In order to mine the microbiome, there were several strategies considered. We consulted a member of Genspace’s Advisory Board, Dr. Claudia Mickelson of MIT. Direct growth and testing of the sludge microbes was not permissible in a BSL1 environment. So on Dr. Mickelson’s advice we decided not to do direct functional testing on samples but to extract DNA from samples using a protocol that the Brady lab at Rockefeller University has used to mine soil samples for new antibiotic synthesis pathways. This consisted of collecting samples in Mason jars, using 250g in the protocol that was optimized to extract DNA keeping relatively long pieces intact, and gel-purifying them. At Genspace the samples were sprayed down on the outsides with 70% alcohol. The samples were sealed into smaller biohazard bags and stored at 4C prior to DNA extraction. Under constant supervision by Dr, Jorgensen, adult team members removed aliquots of about 250g each from each of the 14 jars. The members wore PPE (gloves, lab coats and eye protection) and the aliquots were immediately placed in the lysis solution and agitated to disrupt the cells. As usual, all pipettes and labware used were disposed of in the biohazard bin, which is taken away for incineration by a professional service. Blenders were decontaminated with bleach solution.

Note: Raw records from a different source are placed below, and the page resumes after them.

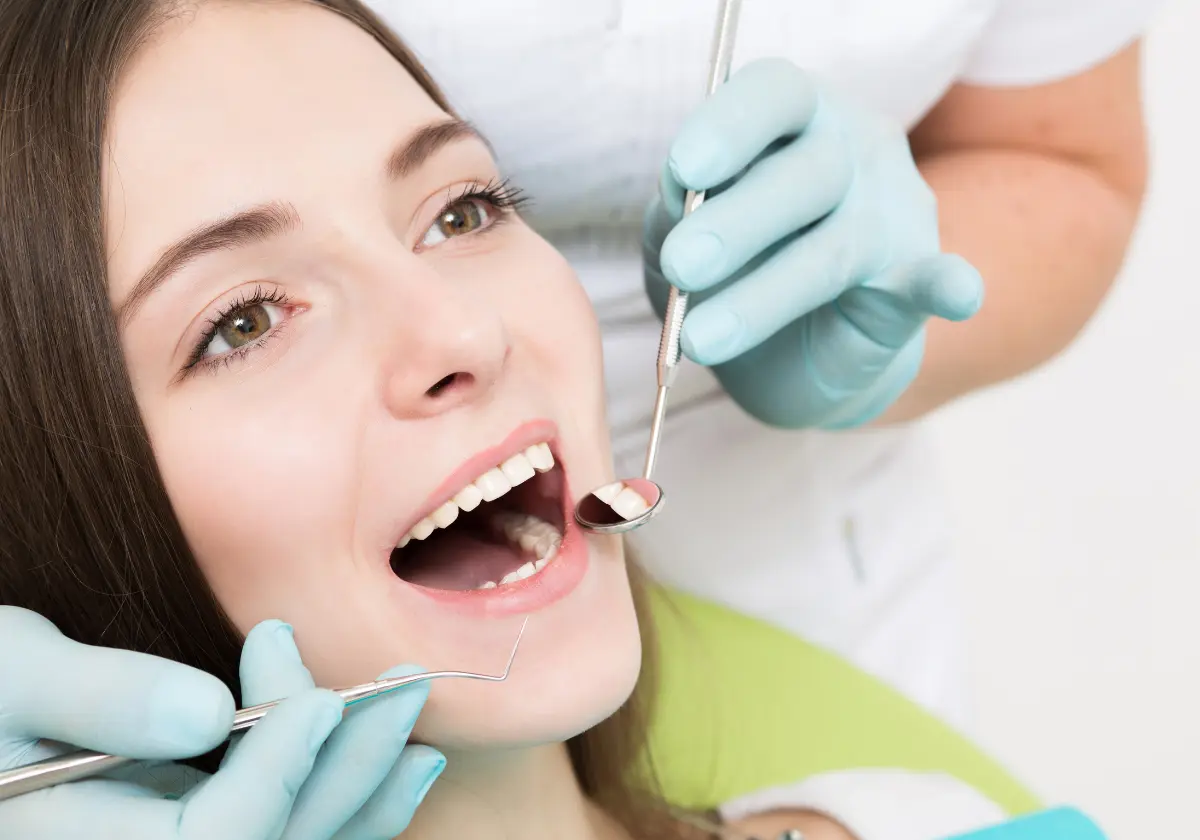 Zahnärztliche Behandlung einer Frau bei geöffneter Mundhöhle in moderner Praxis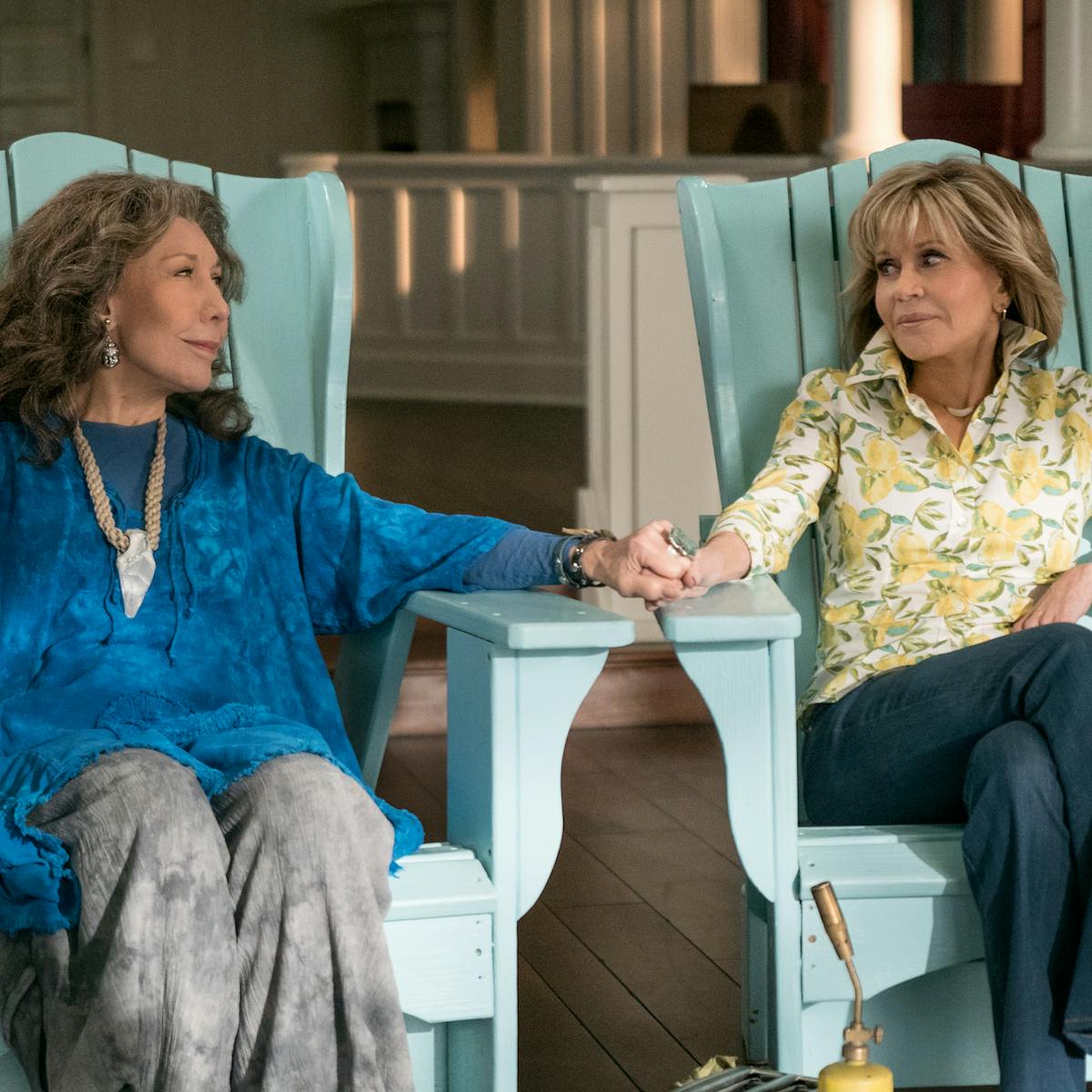 Frankie (Lily Tomlin) and Grace (Jane Fonda) sit in turquoise chairs holding hands.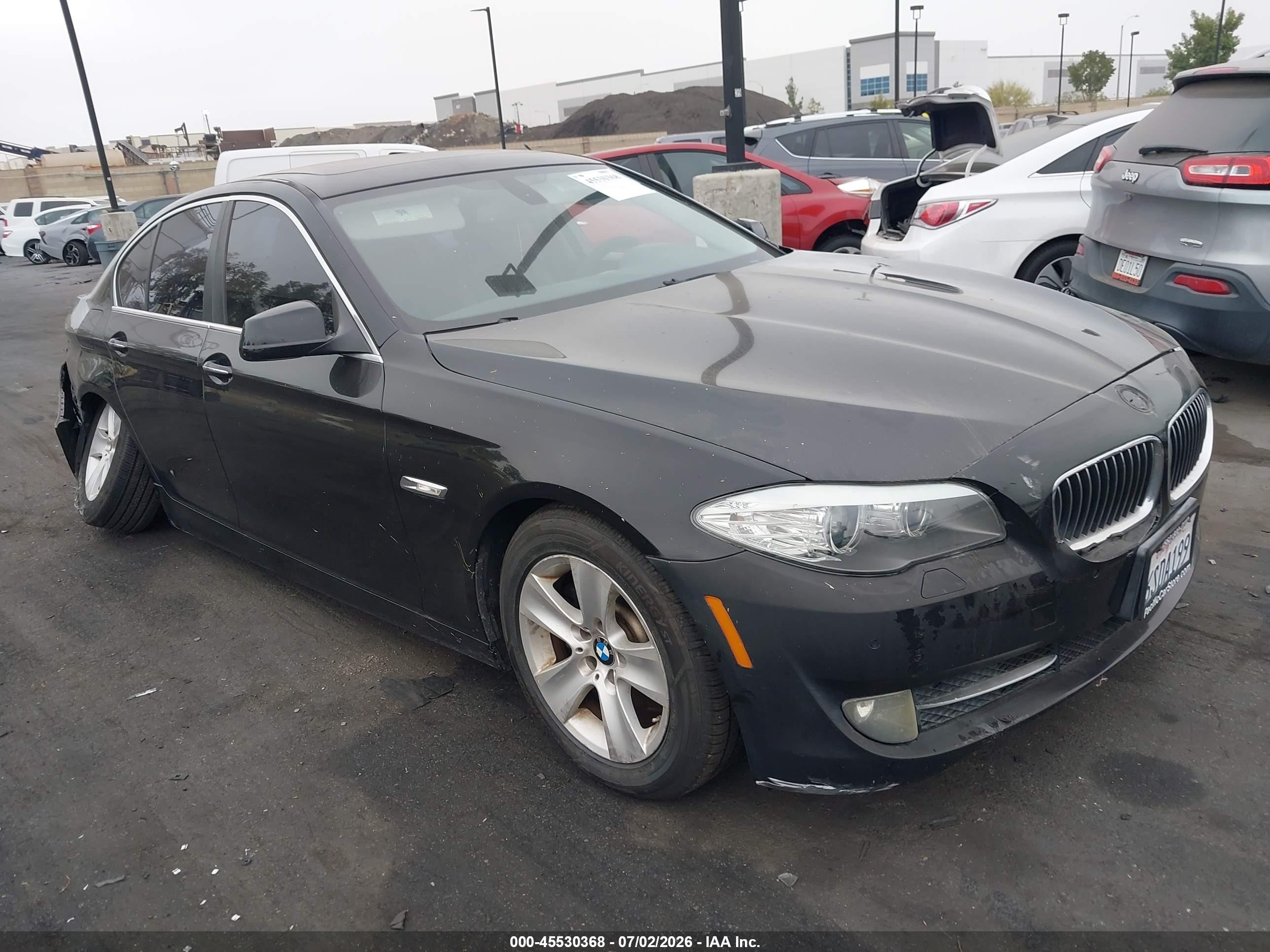 2011 BMW 5 Series 528i, VIN WBAFR1C59BC748077 — Rear end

Although we plan to eventually use the purified DNA to make a cosmid library that will hopefully contain long stretches of DNA with entire metabolic pathways, we could not let the team do it at Genspace because of the safety concerns above. Again, we have Dr. Mickelson to thank for providing advice. So we had to think of a new strategy. So we decided to use PCR to probe the extracted DNA to see if there were any sequences that seemed homologous to those characteristic of a particular type of metabolic pathway. With the help of Brady lab publications, we were able make some primers that we could use on the extracted DNA prior to library production to show that some of the samples had DNA that could possibly contain pathways for new antibiotics. Dr. Mickelson saw no unusual safety issues with this protocol. In the future we hope to partner with a BSL2 facility to create the cosmid library and screen it for functionality.